Pat Murphy exclusive: 'The BBC is beleaguered. We can't stay preserved in aspic – we need live sport'

Pat Murphy exclusive: 'The BBC is beleaguered. We can't stay preserved in aspic – we need live sport' - SHUTTERSTOCK
Pat Murphy exclusive: 'The BBC is beleaguered. We can't stay preserved in aspic – we need live sport' - SHUTTERSTOCK

The incumbent – at time of writing – Prime Minister spoke to the Telegraph recently about her wish to reverse “Britain’s current trajectory of managed decline”. Even a stopped clock gives the right time twice a day; and Liz Truss is onto something here. Something in the cultural mood suggests that things ain’t what they used to be.

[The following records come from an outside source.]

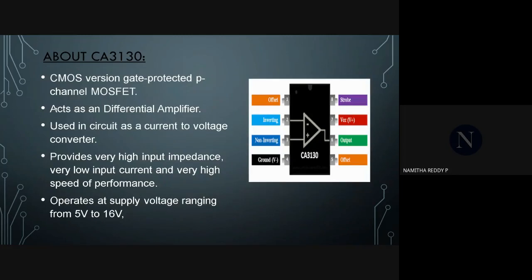About CA3130 MOSFET Operational Amplifier. CA3130 is a BIMOS Operational Amplifier with P-Channel MOSFET. The term BIMOS implies that it combines both CMOS and Bipolar Transistor technologies. It also acts as a differential amplifier. CA3130 provides very high input impedance, very low input current, and very high speed of performance. It operates at supply voltage ranging from 5V to 16V.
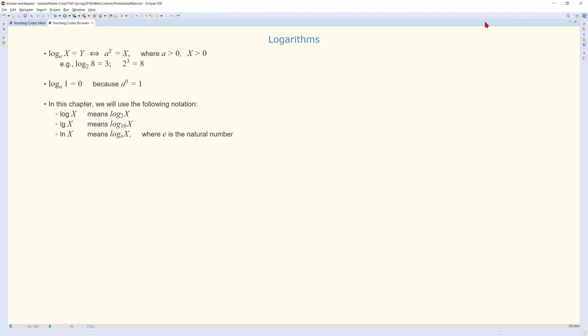In this chapter, we will be denoting log base 2 of any value x as simply log x. In mathematics, by default the base was 10, so log x meant log base 10 of x. In computer science, especially in this chapter, we will be using the default base as 2, so when we say log x, we mean log base 2 of x. Similarly, we will show log base 10 of x using lg only. And ln is log base e of x, where e is the natural number.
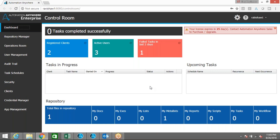Hi guys, my name is Ravi and today in this video I'm going to explain how to move a bot or task from one environment to another environment, like from dev to prod environment. This is basically a request from one of my YouTube viewers asking how to schedule a bot from the control room or how to move a bot from one environment to another. I'll show you step by step so you'll be able to understand how it works.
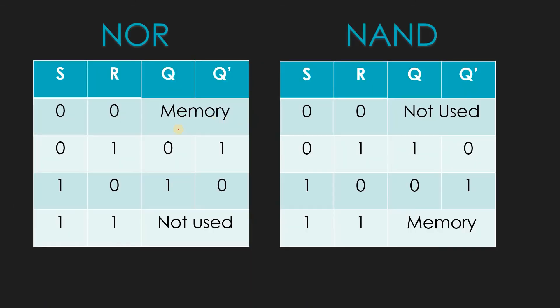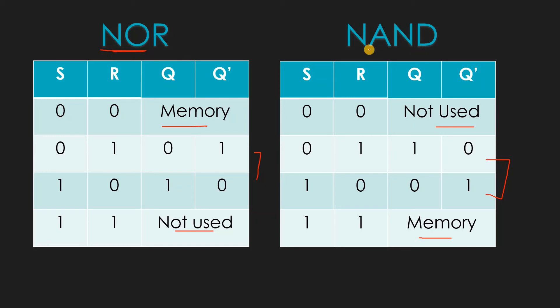This is the difference between the truth table. So these two things got exchanged, basically - that is, not used and memory got exchanged, and this also got exchanged. So if you see, all these things got exchanged because we are using NAND gate. But more predominantly we use NOR gate, but you just need to know the logic behind NAND gate.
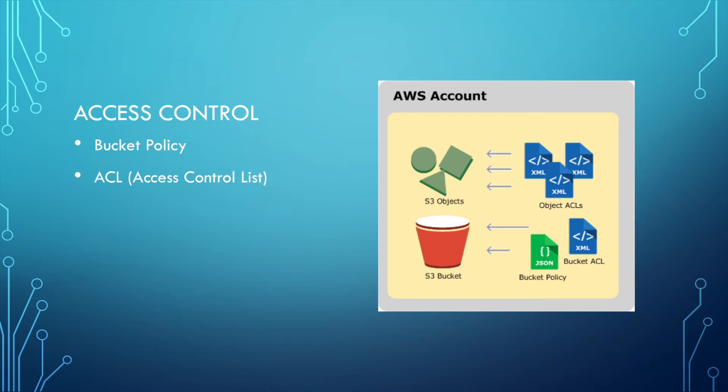In S3, when you upload a file, it's very important to keep this file secure. So you need to use access control. There are two levels of access control.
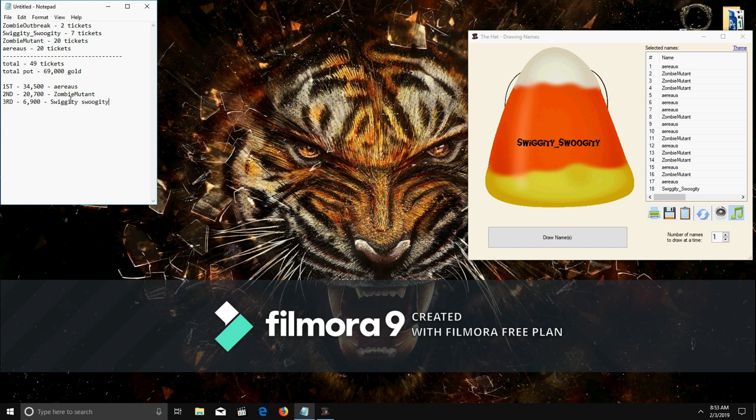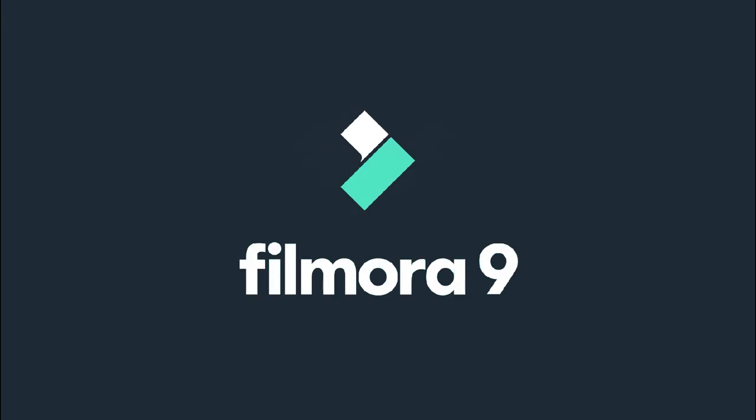Alright. First place for Arius is 34,500. Second place for me is 20,700. And third for Swiggity is 6,900. Thank you guys, and happy participations. Thank you guys for watching.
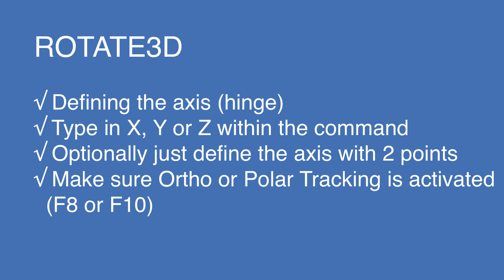So it really is a three-step process. You're selecting the entities that you want to rotate. You're defining the axis or the hinge points. And then lastly, you're moving your cursor with the ortho locked, or pressing the F8 key. Or optionally, you could use the F10 key to use polar tracking. And then just simply selecting the angle that you need to rotate those objects to.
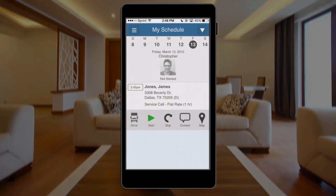Hey everyone, I wanted to give you a demonstration of the My Schedule screen within Service Autopilot's mobile application and show you everything that you can do from this screen. I'm logged into a generic account here, so it's not really industry specific. Everything that I'm doing here can apply across any industry.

To give an example relevant to the interests of this column, many Telegraph Sport readers have told us that the recent decision by the BBC to axe the football results on Saturday’s radio programme Sports Report was the latest bit of evidence that the country is going to the dogs. But Sports Report stalwart Pat Murphy, in a lovingly curated, profoundly researched new book about the history of the show, and on the phone to this writer the other day, launches a spirited defence that not all change is for the worse.

Sports Report began in 1948 on the Light Programme, and there it was on my iPad on Saturday: the unmistakable signature tune, Mark Chapman, a brisk, authoritative, comprehensive round-up of the day’s sporting events, scores and stories in 30 minutes. No classified results, but Chapman instead rattling through them while relaying the key information from each league. “It is progress, it is evolutionary,” Murphy says.

“If we remained preserved in aspic, people would be criticising us for being stuck in a time warp. If you listen to Sports Report from 10 years ago, it sounded very different.”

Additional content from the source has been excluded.